02:39 - Source: CNN
Deadly heat wave in South Asia
New Delhi CNN  — 

Extreme heat in India has killed at least 77 people over the past 10 days, including dozens of poll workers, as voting wrapped up in the world’s largest general election.

India has endured a scorching summer — with a part of the capital of Delhi recording the country’s highest-ever temperature of 49.9 degrees Celsius (121.8 degrees Fahrenheit) on Tuesday last week — as voters have hit the polls over a six-week election.

At least 33 poll workers died in a single day in India’s most populous state of Uttar Pradesh, the state’s chief election officer, Navdeep Rinwa, told reporters Sunday. Their families will receive $18,000 each in compensation, he said.
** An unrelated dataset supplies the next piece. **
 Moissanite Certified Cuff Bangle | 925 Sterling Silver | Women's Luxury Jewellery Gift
Despite being fitted out with water dispensers, mist machines and shaded areas, polling stations in Delhi were unusually quiet on Saturday, the penultimate day of voting. For some, casting a ballot was not worth the risk.
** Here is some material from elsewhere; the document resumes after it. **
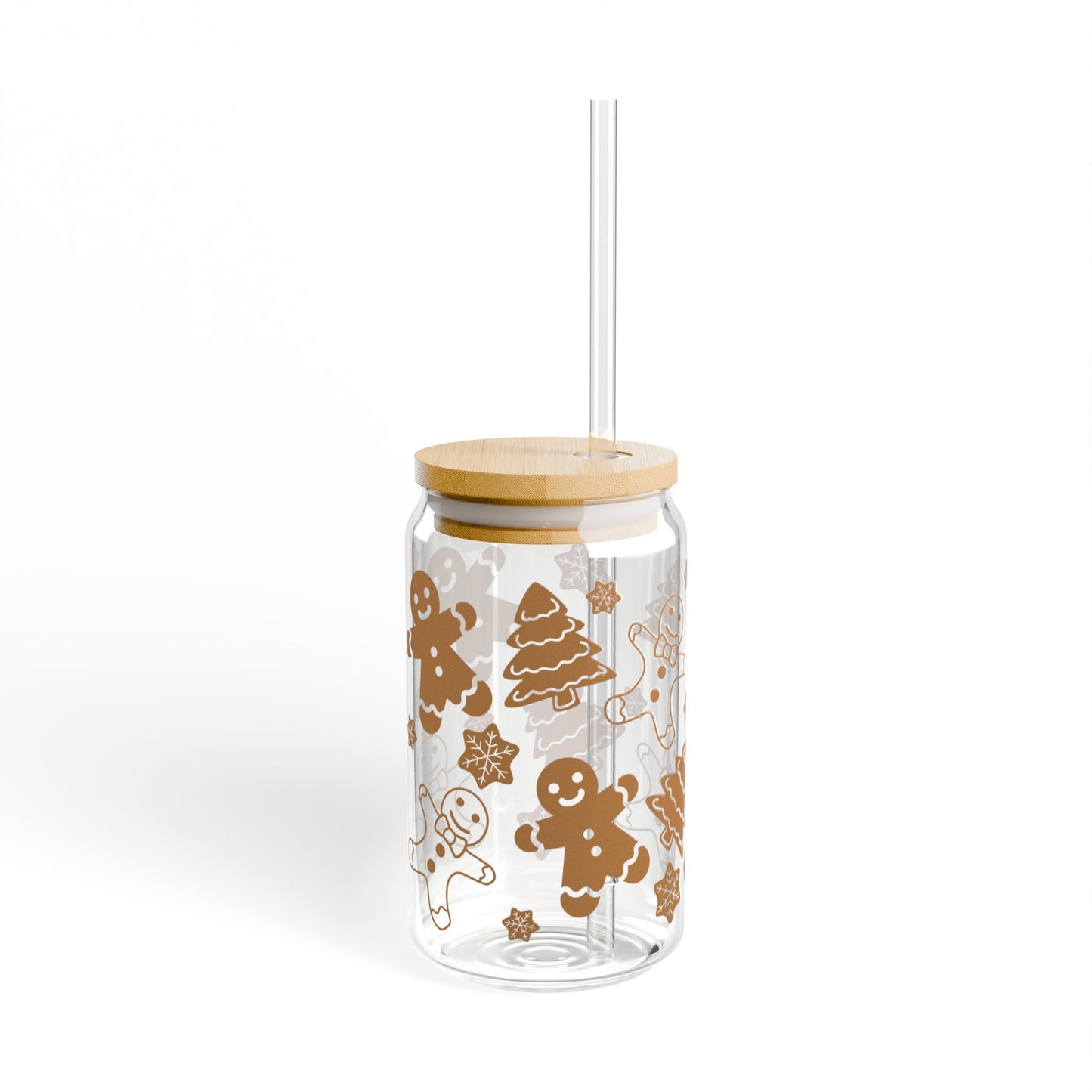 Sweet Gingerbread & Pine -16oz Christmas Sipper Glass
Others urged eligible voters to try and tolerate the heat. Standing on the sweltering streets, a Delhi resident called Haseem told CNN that voting is “a fundamental right and the foremost duty for every citizen of any republic or any democracy. We should be coming out, whatever the weather.”

Raj K Raj/Hindustan Times/Getty Images
Voters wait to cast their ballots under a makeshift canopy in New Delhi, India, May 25, 2024.
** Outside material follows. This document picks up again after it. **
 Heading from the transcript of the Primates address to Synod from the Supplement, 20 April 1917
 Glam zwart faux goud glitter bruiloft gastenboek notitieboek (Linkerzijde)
A woman selling lemonade on the streets of Delhi told the AFP French news agency: “The heat is so harsh here, that when the wind comes, it feels like someone is slapping your face.”

With the peak of summer still weeks away, temperatures are expected to rise further. “I don’t know what we will do,” she said.

Home to more than 1.4 billion people, about 969 million Indians were eligible to cast their vote in the election — more than the populations of North America and the European Union combined. Around 642 million showed up, the most ever to participate, Chief Election Commissioner Rajiv Kumar told a press conference on Monday.

Voters and election workers have endured an extended period of extreme heat since polls opened on April 19, in a mammoth democratic exercise that ended Sunday. Polls suggest Prime Minister Narenda Modi will secure a rare third consecutive term in office, with results expected Tuesday.

To carry out such a huge election, India relies on a network of some 15 million polling officials and security staff, with some of these election workers traveling via road, boat, camel, train and helicopter to reach citizens across the vast nation.

But the event has been marred by the deaths of dozens of poll workers and voters. Some 20 people were reported dead due to “sun stroke” between May 31 and June 2 in the eastern state of Odisha, according to the state’s disaster management agency.

“In Odisha we have been experiencing severe temperatures the last few days, the heat here isn’t as high as northern India but here high humidity is also a factor,” Satyabrata Sahu, Odisha’s special relief commissioner told CNN Monday.

Sahu said rainfall over the weekend could reduce the heat in the coming days.

Indranil Aditya/NurPhoto/Getty Images
A woman stands beside her family member who is suffering from heatstroke in Varanasi, India, on May 30, 2024.

Another 24 people died across the capital territory of Delhi, the eastern Indian states of Bihar and Jharkhand and the western Indian state of Rajasthan since May 24, local officials said.

Election duty is compulsory in India for public sector employees, who are assigned by the election commission before polling begins.

“Heat wave conditions over Northwest, Central & East India are likely to continue with reduced intensity during next 3 days,” the Indian Meteorological Department said on Sunday.

India is among the countries expected to be worst affected by the climate crisis, according to the Intergovernmental Panel on Climate Change (IPCC), threatening its development while risking reversing its progress on poverty alleviation, health and economic growth.

The country often experiences heat waves during the summer months of May and June, but in recent years they have arrived earlier and become more prolonged. Experts say the climate crisis is only going to cause more frequent and longer heat waves in the future, testing India’s ability to adapt.

This story has been updated with additional information.